Kampala — DELIVERING a child remains one of the biggest health risks for women worldwide, the UN has said.
A total of 1,500 women die every day while giving birth, the UN agency for children, Unicef, said in a report. It said women in developing countries are 300 times more likely to die during birth than those in the developed nations.
In Uganda, 6,000 women die annually as a result of problems related to pregnancy and child birth. This is 15 deaths daily.
Globally, a total of 164,250 women suffer from disability due to child birth.
Research shows that the children of deceased mothers are likely to die from preventable diseases before their fifth birthday.
The leading causes of maternal mortality, the report shows, are bleeding, followed by delay to access a health centre and ill-equipped health facilities.
"Addressing that gap is a multidisciplinary challenge, requiring emphasis on education, community involvement and social equality," the reports says.

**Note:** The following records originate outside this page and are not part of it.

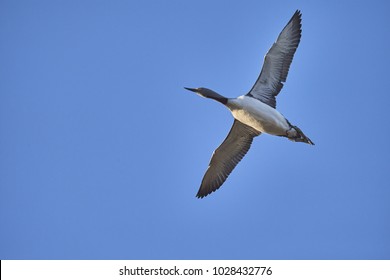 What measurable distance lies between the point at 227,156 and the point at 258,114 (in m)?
2.30

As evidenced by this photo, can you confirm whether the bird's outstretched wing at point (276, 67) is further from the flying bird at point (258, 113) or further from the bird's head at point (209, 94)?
the bird's head at point (209, 94)

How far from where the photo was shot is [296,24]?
15281 mm

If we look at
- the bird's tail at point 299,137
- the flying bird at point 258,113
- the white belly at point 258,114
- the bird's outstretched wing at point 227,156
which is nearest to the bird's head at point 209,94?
the flying bird at point 258,113

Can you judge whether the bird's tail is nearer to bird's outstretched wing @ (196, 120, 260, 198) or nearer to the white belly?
the white belly

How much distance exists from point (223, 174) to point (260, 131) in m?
1.83

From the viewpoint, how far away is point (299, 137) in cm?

It recommends that women must be guaranteed antenatal care, skilled birth attendants, emergency obstetrics and postpartum care. Executive Director Ann M. Veneman, in the forward, calls on renewed efforts to prevent "a needless human tragedy."
Uganda is ranked number 21 in the world as a country where children never celebrate their fifth birthday.
The report shows that Uganda's antenatal care coverage is 39% and availability of skilled attendants at birth is 42%.
It says a child born in a developing country is almost 14 times more likely to die during the first month of life than a child born in a developed one.